Your objective:
Repeat only the lines between the one with "What Does A" and the end of the material below, both ends included. Omit any picture.

Material provided:
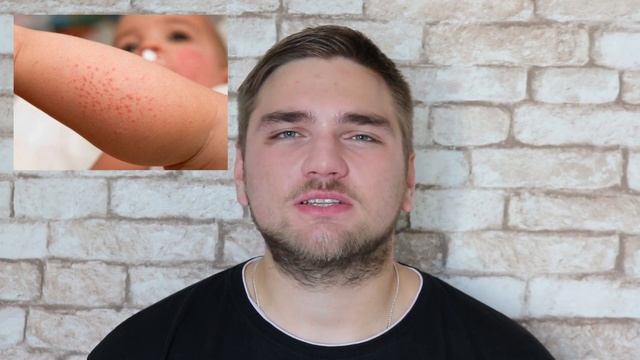 Менингит | Первые симптомы | Как защитить себя от менингита?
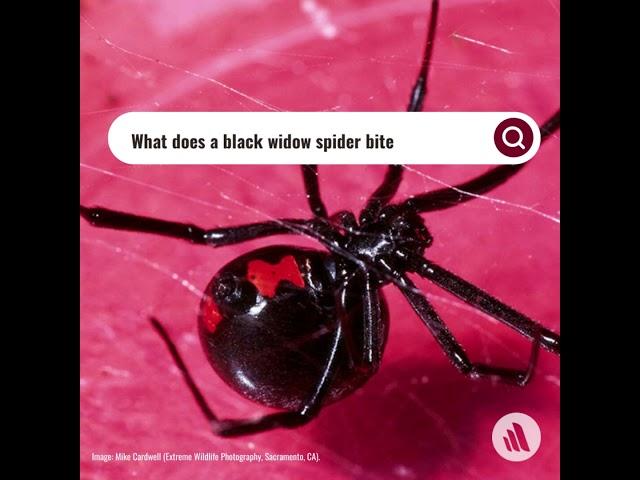 What Does A Black Widow Spider Bite Feel Like?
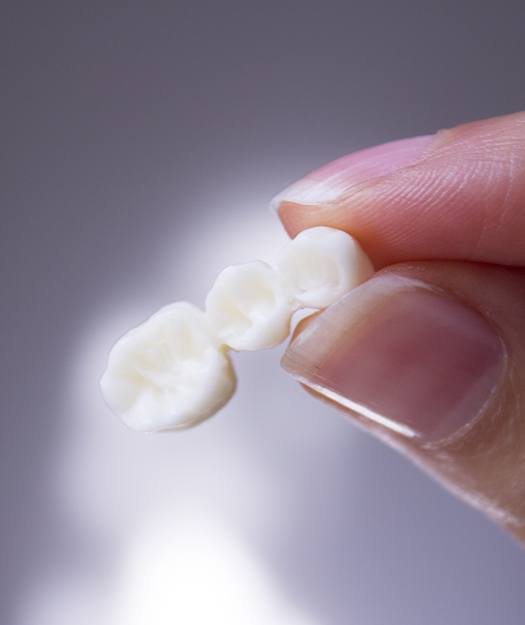 Hand holding a ceramic dental bridge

Answer to this task:
 What Does A Black Widow Spider Bite Feel Like?
 Hand holding a ceramic dental bridge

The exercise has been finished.